Bug Powder. 31 ans. Travailleur (revendiqué) du sexe. Militant et allié de la cause féministe, ce Poitevin méconnu cultive la musique et l’écriture comme exutoires. Signe particulier : capable de passer de l’hyper-empathie à une forme singulière de détachement.
Promis juré, il a essayé de bosser « comme tout le monde ». D’abord au Mc’Do, ensuite dans une société d’assistance téléphonique. Mais dans les deux cas, la greffe a échoué. « Je n’arrive pas à accepter ce mondelà, ces boulots aliénants », glisse-t-il d’un ton calme. De Bug Powder, vous n’aurez ici que le surnom, référence-hommage au Festin nu, l’ouvrage à succès de l’auteur américain William S. Burroughs.
Son âge (31 ans) et ses activités « underground », il les commente volontiers. Ce fils de chauffeur routier et de mère au foyer a plongé dans les arcanes de l’industrie du sexe en 2004. D’abord en bossant dans un sex-shop. Ensuite en faisant « un peu de porno ». « Mais les conditions n’étaient pas très reluisantes. J’aimerais faire des choses moins mainstream, plus déviantes par rapport à la norme. »
A défaut, Bug Powder gagne aujourd’hui sa vie en combinant escorting et téléphone rose. La nuit, évidemment. En clair, il donne du plaisir aux femmes qui le sollicitent. Amateur de paraphilie -pratiques sexuelles alternatives-, il revendique son statut de travailleur du sexe. Du reste, il milite depuis longtemps au Syndicat du travail sexuel.
Sa vie serait peut-être différente aujourd’hui s’il n’avait pas rencontré cette femme, dans un peep-show, au contact de laquelle il a « beaucoup appris ». « Elle est décédée en 2011 et n’avait pas de quoi payer ses obsèques. C’est comme ça que j’ai commencé l’escorting. » Remarquez, le militant-de-la-cause n’emploie jamais le mot prostitution. Car dans son esprit, l’acte charnel, y compris le plus subversif, s’accompagne d’une relation d’empathie.
Un mécanisme de survie
« Je rencontre des femmes très différentes. Certaines cherchent à reprendre en main leur sexualité, d’autres ont besoin de sécurité, d’autres encore de se découvrir, développe le trentenaire. De mon côté, je les écoute et réponds à leurs désirs, dans la soumission comme dans la domination. Je suis sensible à leurs histoires. » Dans sa bouche, les mots sont choisis, précieux. Comme essentiels pour donner à comprendre « aux autres » son monde. Son job. Ses choix. Et aussi son chemin de vie tortueux.
On dit souvent que l’enfance conditionne le reste de notre existence.
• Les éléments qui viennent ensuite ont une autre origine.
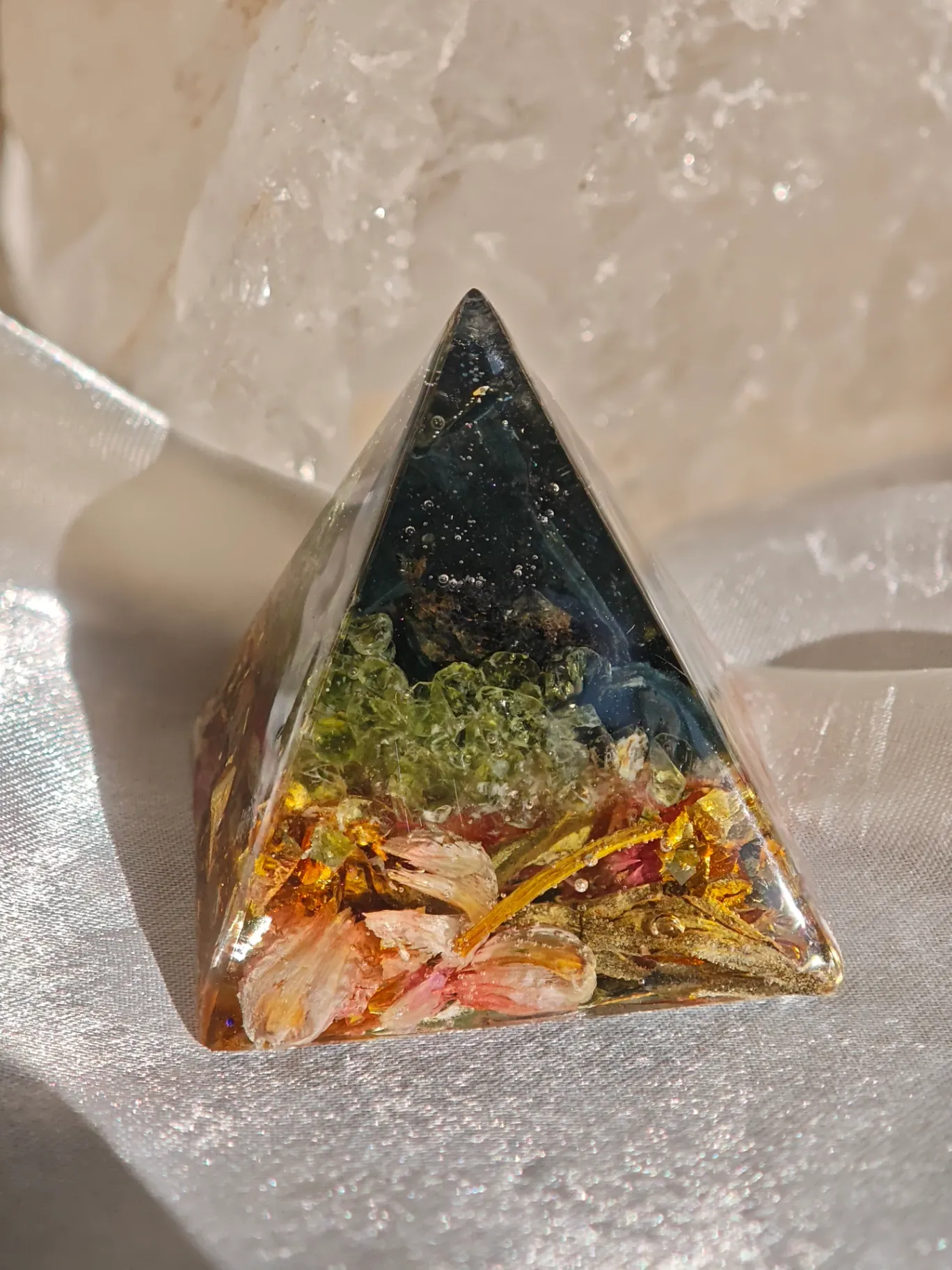 Pyramida kolekce Moon (4cm) 2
Alors sans doute que ses « quatre ans passés à l’hôpital » ont pesé dans la suite de son parcours. Ce musicien accompli dans la techno est né « malvoyant » et a souffert de synesthésie. Un trouble neurologique qui « déclenche deux sens en simultané ». « Quand j’écoute de la musique, il m’arrive de voir des couleurs, des textures, d’associer cela à un goût… », illustre Bug Powder. Qui ajoute avoir « développé un mécanisme de survie ». A l’adolescence, cette résistance aux « codes masculins » l’a de facto mis en marge. Il assume sa solitude et ses choix, ses goûts pour la « musique issue de l’oppression ».
« Là pour rien ni pour personne »
Lui qui met la dernière main à son autobiographie avoue cependant que l’écriture en particulier et la création en général lui permettent de « garder un équilibre mental ». On ose le terme d’exutoire. « Je n’arrive pas à donner un sens absolu à ma vie, confesse encore le DJ. Je ne suis là pour rien ni personne. Pourtant, je ne me sens pas mal, pas déprimé. J’aime la vie. Et j’accepte quand même d’avoir des attaches affectives, surtout avec des collègues féminines. Je ne m’entends pas trop avec la gent masculine. »
Le ton est calme, presque détaché. Il y a chez Bug Powder une forme d’intelligence aussi rare qu’insaisissable. Un contrôle absolu mâtiné de quelques failles béantes. « Vous savez, dans l’industrie du sexe, il y a beaucoup d’exclus qui ne se retrouvent pas dans le système. Dans toutes choses, il y a une part de choix et d’adaptation. » Le choix de la survie, définitivement.